Per-person HI costs are expected to increase faster than per-worker tax revenues due to health care price inflation and increases in the utilization and intensity of services.  Collectively, these factors generally exceed the growth in average earnings per worker, on which HI taxes are based. Important demographic factors contribute further to this growth differential. The effect of the baby boom generation on Medicare and Social Security is relatively well known, having been discussed by actuaries and others for the last 35 years.  Basically, by the time the baby boom cohorts have enrolled in Medicare, there will be about 75 percent more HI beneficiaries than there are today, but the number of covered workers will have increased by only about 20 percent. When the HI program began, there were 4.5 workers in covered employment for every HI beneficiary.  As shown in chart 4, this ratio was about 3.8 workers per beneficiary in 2007.  When the baby boom joins Medicare, the number of beneficiaries will increase more rapidly than the labor force, resulting in a decline in this ratio to about 2.4 in 2030 and 2.1 by 2080 under the intermediate projections.  Other things being equal, there would be a corresponding increase in HI costs as a percentage of taxable payroll.

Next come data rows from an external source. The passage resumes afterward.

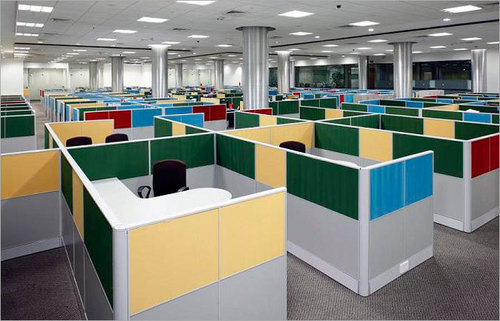 Office Furniture with Partition - Wood & Metal, Variable Dimensions, Beige | Modular Assembly, Privacy, Space Saving, Teamwork, Efficiency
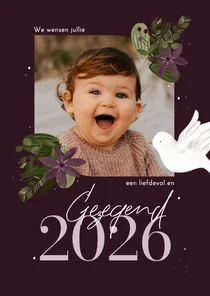 Christelijke nieuwjaarskaart botanisch jaartal en foto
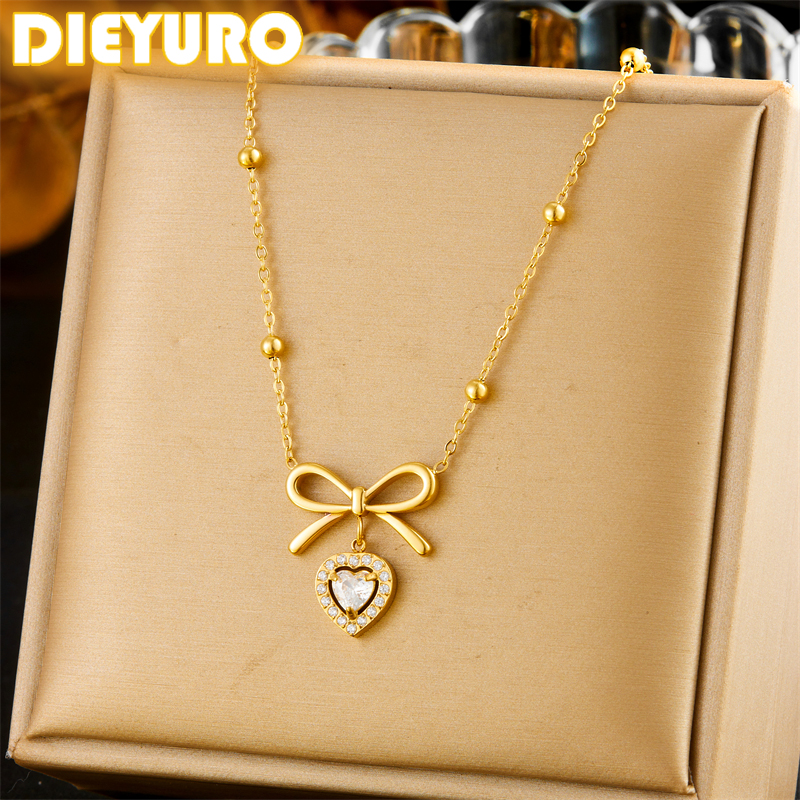 DIEYURO 316L Stainless Steel Golden Bowknot Heart White Zircon Necklace For Womens New Trend Bow Love Neck Jewelry Party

There are other demographic effects beyond those attributable to the varying number of births in past years.  In particular, life expectancy has improved substantially in the U.S. over time and is projected to continue doing so.  The average remaining life expectancy for 65-year-olds increased from 12.4 years in 1935 to 18.0 years currently, with an estimated further increase to about 22 years at the end of the long-range projection period.  Medicare costs are sensitive to the age distribution of beneficiaries.  Older persons incur substantially larger costs for medical care, on average, than do younger persons.  Thus, as the beneficiaries age, over time they will move into higher-utilization age groups, thereby adding to the financial pressures on the Medicare program.

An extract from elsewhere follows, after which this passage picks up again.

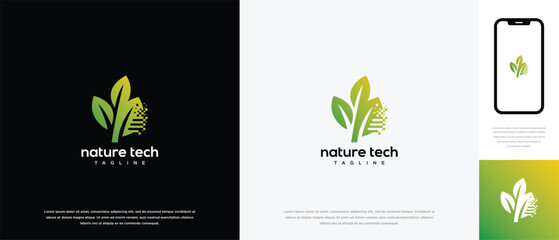 Green leaf pixel technology logo design template. Nature leaf digital technology logo design vector icon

Chart 4—Workers per HI beneficiary

Chart 4—Workers per HI beneficiary

Financial outlook for Supplementary Medical Insurance Part B

The financial status of the SMI trust fund is very different than for HI, although rapid expenditure growth is a serious issue for both components of Medicare.  The MMA established a separate account within the SMI trust fund to handle transactions for the new Medicare drug benefit.  Because there is no authority to transfer assets between the new Part D account and the existing Part B account, it is necessary to evaluate each account’s financial adequacy separately.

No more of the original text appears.